Conventional image sensors rely on a frame-based encoding at a fixed frequency, which typically limits their temporal resolution to a few tens of milliseconds. Aiming to solve this challenge, “Neuromorphic smart sensing for low-latency motion segmentation and analysis” made possible by the PPP allowance from Holland High Tech started in October 2022. The project partners are TU Delft and Prophesee. Developping smart hardware that is able to process the high throughput of neuromorphic image sensors is an open research challenge within this project.

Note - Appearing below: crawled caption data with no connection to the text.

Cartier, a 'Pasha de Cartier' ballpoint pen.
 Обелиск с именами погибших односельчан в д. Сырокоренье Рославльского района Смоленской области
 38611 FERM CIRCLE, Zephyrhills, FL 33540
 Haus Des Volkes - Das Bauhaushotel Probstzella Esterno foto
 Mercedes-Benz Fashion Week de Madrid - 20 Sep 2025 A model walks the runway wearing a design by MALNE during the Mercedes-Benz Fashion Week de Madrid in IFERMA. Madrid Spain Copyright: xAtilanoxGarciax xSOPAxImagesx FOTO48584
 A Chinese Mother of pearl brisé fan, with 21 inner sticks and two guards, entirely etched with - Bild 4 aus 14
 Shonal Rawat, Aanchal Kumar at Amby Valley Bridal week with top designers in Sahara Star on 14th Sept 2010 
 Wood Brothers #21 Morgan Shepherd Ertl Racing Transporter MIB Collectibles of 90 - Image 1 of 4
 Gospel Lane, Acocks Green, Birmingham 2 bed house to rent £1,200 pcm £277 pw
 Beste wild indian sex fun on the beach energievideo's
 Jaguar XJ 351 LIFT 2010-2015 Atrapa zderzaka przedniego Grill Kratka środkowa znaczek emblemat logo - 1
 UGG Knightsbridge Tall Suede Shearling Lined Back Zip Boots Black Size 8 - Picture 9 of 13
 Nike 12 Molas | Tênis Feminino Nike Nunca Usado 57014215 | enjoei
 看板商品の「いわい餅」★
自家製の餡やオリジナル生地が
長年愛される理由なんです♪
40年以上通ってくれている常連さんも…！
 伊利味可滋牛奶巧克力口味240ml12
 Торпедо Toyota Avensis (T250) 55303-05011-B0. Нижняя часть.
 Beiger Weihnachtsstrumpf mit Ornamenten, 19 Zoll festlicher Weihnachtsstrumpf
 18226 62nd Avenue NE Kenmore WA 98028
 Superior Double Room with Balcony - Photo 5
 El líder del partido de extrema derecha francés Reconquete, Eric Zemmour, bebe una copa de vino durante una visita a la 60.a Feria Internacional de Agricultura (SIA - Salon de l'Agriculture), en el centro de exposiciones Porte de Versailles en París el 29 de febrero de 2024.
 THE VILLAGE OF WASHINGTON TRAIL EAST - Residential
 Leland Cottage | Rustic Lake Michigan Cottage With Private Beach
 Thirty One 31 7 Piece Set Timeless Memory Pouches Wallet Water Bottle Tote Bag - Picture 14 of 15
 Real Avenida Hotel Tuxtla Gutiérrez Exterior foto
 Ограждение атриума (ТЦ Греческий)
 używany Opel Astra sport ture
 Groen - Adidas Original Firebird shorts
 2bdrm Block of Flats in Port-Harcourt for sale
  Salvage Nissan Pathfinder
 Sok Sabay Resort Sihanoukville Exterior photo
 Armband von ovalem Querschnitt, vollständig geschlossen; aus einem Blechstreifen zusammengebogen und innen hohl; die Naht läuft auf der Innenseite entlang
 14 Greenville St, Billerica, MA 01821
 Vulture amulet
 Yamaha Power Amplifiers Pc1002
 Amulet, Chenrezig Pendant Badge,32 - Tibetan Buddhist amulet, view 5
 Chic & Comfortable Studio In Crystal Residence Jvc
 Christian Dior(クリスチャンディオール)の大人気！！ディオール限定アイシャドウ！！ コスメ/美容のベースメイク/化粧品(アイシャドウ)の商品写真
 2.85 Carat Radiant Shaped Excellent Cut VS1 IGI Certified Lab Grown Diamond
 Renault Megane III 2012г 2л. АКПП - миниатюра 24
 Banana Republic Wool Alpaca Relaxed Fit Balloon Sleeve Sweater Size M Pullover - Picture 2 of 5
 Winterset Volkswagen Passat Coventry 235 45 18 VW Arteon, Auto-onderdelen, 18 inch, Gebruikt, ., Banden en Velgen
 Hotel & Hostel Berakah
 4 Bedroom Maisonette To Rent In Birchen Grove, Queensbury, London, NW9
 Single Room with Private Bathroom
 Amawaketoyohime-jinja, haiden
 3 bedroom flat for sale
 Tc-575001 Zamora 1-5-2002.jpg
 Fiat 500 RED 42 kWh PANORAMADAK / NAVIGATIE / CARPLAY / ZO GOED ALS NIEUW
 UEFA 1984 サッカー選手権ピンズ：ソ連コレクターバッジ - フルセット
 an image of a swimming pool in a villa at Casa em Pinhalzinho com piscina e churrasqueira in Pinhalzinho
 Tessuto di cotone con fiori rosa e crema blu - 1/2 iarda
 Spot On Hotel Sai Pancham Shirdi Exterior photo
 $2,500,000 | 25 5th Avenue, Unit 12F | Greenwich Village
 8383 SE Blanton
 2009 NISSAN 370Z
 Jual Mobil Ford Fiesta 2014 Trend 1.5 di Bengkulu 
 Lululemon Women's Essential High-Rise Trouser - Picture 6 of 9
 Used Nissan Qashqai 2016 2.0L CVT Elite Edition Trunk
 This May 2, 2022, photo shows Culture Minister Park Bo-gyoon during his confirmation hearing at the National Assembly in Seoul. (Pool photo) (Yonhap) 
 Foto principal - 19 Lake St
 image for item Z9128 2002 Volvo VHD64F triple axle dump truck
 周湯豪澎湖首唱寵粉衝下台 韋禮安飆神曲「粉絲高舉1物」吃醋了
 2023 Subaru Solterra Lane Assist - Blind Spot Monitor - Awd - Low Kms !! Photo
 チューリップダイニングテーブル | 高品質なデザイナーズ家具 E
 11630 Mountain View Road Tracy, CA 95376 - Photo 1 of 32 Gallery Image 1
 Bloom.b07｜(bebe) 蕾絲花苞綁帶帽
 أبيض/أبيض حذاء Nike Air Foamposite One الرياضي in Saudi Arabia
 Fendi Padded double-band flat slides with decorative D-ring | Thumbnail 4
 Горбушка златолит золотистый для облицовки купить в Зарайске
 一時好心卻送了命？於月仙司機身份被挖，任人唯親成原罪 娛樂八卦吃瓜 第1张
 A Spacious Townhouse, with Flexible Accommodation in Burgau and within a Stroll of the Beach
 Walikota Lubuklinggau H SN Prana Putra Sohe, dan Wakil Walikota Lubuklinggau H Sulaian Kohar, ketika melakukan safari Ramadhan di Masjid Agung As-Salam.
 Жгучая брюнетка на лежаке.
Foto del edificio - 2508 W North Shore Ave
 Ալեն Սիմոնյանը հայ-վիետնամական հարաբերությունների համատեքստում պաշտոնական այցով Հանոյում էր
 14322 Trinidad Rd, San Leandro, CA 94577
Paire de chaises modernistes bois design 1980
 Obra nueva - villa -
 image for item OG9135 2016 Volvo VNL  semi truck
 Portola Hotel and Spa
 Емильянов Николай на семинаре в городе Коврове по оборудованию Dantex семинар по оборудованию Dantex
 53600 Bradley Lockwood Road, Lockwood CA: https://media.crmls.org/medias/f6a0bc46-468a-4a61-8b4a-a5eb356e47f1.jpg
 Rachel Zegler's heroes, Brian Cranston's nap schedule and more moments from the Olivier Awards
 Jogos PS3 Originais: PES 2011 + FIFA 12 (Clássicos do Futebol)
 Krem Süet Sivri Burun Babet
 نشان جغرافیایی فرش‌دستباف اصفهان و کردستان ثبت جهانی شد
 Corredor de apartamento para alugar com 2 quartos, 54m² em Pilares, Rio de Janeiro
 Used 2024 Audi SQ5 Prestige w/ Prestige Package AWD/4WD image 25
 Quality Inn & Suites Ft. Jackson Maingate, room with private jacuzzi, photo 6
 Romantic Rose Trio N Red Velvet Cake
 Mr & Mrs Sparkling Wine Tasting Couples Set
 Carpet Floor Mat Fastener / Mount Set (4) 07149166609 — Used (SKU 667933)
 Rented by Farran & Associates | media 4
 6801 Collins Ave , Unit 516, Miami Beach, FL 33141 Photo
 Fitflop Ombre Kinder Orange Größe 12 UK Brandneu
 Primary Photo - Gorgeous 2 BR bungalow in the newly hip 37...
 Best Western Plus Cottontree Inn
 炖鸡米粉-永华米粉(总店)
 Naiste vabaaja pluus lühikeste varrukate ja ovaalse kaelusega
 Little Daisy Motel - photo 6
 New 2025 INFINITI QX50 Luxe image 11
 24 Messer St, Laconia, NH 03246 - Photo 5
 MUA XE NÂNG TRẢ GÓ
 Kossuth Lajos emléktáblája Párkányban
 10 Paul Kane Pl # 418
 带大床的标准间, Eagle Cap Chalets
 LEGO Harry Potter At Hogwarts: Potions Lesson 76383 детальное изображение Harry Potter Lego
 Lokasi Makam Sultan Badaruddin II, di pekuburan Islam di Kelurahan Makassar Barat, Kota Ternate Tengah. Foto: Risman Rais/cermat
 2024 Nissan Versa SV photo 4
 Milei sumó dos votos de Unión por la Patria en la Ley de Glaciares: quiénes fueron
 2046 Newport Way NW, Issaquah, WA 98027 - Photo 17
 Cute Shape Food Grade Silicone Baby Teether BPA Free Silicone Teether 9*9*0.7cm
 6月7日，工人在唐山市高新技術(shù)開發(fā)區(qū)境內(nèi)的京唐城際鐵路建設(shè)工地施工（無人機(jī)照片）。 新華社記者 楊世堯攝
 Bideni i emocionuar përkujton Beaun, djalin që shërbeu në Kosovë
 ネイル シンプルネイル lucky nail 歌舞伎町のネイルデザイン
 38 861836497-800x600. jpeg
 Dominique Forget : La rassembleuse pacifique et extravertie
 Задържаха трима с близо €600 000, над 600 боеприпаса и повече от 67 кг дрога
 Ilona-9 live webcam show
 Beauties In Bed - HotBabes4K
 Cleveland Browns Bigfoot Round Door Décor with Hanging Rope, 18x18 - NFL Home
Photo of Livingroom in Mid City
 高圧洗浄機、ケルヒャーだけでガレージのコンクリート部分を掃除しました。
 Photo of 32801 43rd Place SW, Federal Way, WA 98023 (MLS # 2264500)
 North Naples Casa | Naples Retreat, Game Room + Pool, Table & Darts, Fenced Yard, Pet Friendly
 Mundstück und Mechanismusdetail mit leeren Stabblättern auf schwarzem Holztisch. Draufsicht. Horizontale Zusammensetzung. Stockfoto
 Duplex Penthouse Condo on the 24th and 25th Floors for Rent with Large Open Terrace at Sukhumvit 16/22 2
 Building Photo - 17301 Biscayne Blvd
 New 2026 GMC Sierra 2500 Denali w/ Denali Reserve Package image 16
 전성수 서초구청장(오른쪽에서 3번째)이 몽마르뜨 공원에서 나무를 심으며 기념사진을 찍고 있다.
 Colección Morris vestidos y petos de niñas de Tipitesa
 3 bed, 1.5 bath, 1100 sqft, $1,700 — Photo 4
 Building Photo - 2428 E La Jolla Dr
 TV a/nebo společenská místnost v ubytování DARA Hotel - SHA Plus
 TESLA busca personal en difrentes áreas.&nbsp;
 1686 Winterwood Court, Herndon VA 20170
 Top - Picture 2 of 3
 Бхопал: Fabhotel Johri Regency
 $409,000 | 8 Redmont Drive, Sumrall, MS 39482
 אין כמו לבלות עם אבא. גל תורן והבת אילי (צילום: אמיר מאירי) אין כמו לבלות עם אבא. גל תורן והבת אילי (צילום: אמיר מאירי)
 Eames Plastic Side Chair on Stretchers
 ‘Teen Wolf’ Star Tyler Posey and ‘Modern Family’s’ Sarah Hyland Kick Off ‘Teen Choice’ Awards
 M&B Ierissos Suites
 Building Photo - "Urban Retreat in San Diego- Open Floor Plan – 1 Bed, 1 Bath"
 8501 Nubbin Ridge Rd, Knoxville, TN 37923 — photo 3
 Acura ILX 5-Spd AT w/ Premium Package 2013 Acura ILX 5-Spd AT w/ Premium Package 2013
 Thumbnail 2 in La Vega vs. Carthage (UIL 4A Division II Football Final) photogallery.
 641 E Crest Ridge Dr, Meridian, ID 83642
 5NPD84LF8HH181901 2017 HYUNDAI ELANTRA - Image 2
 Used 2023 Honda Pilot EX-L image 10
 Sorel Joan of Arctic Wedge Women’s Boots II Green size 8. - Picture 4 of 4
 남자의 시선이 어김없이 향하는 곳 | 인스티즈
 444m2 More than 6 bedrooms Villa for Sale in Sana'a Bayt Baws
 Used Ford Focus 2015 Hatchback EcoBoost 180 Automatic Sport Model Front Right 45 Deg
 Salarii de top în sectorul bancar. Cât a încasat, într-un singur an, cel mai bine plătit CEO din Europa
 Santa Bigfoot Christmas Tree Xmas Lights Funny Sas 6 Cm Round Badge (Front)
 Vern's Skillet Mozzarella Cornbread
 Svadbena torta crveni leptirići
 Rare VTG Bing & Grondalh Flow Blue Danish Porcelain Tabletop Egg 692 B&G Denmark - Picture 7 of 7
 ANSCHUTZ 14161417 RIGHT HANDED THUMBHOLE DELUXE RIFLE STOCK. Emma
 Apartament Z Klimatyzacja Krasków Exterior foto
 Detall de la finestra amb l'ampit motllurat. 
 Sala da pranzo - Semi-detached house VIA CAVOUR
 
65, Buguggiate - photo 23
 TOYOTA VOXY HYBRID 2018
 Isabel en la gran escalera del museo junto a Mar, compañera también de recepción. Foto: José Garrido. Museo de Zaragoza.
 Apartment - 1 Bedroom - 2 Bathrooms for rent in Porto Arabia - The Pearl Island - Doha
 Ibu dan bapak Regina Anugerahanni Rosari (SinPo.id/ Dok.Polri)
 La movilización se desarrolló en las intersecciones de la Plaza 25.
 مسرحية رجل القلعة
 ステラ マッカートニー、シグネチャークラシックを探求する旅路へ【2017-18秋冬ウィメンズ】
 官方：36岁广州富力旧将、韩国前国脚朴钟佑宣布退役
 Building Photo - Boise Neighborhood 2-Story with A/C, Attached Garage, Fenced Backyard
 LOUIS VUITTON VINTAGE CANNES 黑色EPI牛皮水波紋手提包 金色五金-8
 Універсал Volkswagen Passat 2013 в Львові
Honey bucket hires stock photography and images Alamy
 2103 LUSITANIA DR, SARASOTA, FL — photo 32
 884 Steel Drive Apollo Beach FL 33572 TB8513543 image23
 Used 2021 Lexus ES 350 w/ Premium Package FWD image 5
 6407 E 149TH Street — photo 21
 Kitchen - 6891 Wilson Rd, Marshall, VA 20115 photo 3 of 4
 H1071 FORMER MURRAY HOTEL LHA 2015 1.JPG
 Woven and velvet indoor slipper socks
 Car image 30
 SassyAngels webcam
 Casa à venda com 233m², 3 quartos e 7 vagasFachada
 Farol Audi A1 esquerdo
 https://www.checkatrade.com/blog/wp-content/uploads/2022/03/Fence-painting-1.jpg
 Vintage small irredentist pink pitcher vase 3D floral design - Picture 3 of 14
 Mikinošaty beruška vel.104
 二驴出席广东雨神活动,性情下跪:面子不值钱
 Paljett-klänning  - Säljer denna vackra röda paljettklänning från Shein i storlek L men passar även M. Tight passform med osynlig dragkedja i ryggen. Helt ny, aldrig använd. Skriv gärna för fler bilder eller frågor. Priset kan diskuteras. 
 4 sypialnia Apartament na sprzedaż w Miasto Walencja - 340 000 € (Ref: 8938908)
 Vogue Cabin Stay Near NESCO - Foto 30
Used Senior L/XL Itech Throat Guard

This project is co-funded by Prophesee, the global market leader in neuromorphic event-based vision sensing and processing for applications in industrial machine vision, mobile, AR/VR, IoT, surveillance and automotive. Headquartered in Paris, France, Prophesee currently has ~120 employees in hardware and software R&D, applications, sales and support functions. The company operates a second R&D facility in Grenoble, France and has sales and support subsidiaries in Japan, China and California.
About the project
In radical departure from frame-based processing, neuromorphic vision sensors provide an event-based encoding of temporal contrast changes at the pixel level, which allows successfully capturing microsecond-range dynamics. However, exploiting the fine-grained temporal dynamics captured by neuromorphic vision sensors is difficult. Indeed, offloading computation to the cloud loses the latency advantage of such sensors, conventional CPU/GPU architectures are ill-matched for spike-based event-driven processing, and current neuromorphic architectures are not optimized for low-latency vision applications.
A new concept and milestone
Within a year, the project has already delivered a new concept that allows for event-driven updates of deep convolutional neural network (CNN) models, a state-of-the-art machine-learning workload for computer vision, directly inside the memory that stores the network parameters and states. By exploiting sparsity in visual information while minimizing memory accesses, the proposed scheme reduces the power and latency requirements for deep CNNs at the edge. A first silicon prototype in 40nm CMOS has been sent to fabrication, with the test phase foreseen to start by May 2024. This prototype is aiming to enable complex computer vision tasks at the edge within 100µs-1ms and 1-10mW latency and power budgets, respectively. Future directions include expanding the proposed scheme to advanced recurrent neural networks (RNNs) for complex computer vision tasks across long temporal timescales, and porting computation near the sensor for further cutting the system-level power budget.
This successful first milestone of the project already led to further expansion with the submission of a second HTSM-TKI project co-funded by Prophesee, which will focus on investigating event-driven processing schemes for emerging machine learning algorithms such as graph neural networks (GNNs) in near-sensor edge applications.